## Work to complete:
Up to and including the line with "Stafsus Menteri Sosial", restate the records below word for word, beginning with their first line.
━━━━━━━━━━
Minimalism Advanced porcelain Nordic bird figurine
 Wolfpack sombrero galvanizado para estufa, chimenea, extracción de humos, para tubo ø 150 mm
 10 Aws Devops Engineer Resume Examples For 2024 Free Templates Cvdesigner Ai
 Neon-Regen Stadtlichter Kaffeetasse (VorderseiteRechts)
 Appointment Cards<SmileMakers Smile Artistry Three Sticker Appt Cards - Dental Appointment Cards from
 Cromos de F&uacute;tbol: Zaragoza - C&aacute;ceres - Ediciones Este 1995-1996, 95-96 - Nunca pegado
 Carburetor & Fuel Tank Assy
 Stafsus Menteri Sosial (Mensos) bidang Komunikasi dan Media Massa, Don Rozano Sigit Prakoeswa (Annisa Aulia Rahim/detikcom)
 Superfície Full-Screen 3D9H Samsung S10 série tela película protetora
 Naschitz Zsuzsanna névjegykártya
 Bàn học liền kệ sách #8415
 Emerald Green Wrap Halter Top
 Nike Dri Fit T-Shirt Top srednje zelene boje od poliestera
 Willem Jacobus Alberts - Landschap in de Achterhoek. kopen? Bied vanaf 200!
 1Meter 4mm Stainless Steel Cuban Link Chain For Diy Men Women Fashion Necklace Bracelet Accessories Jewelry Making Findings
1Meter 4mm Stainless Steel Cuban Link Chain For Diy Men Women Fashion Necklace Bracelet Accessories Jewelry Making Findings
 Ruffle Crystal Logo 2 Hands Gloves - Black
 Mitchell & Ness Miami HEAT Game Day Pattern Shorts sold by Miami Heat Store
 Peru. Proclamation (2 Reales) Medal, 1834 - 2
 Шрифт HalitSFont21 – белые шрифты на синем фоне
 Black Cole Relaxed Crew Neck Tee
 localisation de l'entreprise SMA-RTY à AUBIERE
━━━━━━━━━━
## Problem solution:
Minimalism Advanced porcelain Nordic bird figurine
 Wolfpack sombrero galvanizado para estufa, chimenea, extracción de humos, para tubo ø 150 mm
 10 Aws Devops Engineer Resume Examples For 2024 Free Templates Cvdesigner Ai
 Neon-Regen Stadtlichter Kaffeetasse (VorderseiteRechts)
 Appointment Cards<SmileMakers Smile Artistry Three Sticker Appt Cards - Dental Appointment Cards from
 Cromos de F&uacute;tbol: Zaragoza - C&aacute;ceres - Ediciones Este 1995-1996, 95-96 - Nunca pegado
 Carburetor & Fuel Tank Assy
 Stafsus Menteri Sosial (Mensos) bidang Komunikasi dan Media Massa, Don Rozano Sigit Prakoeswa (Annisa Aulia Rahim/detikcom)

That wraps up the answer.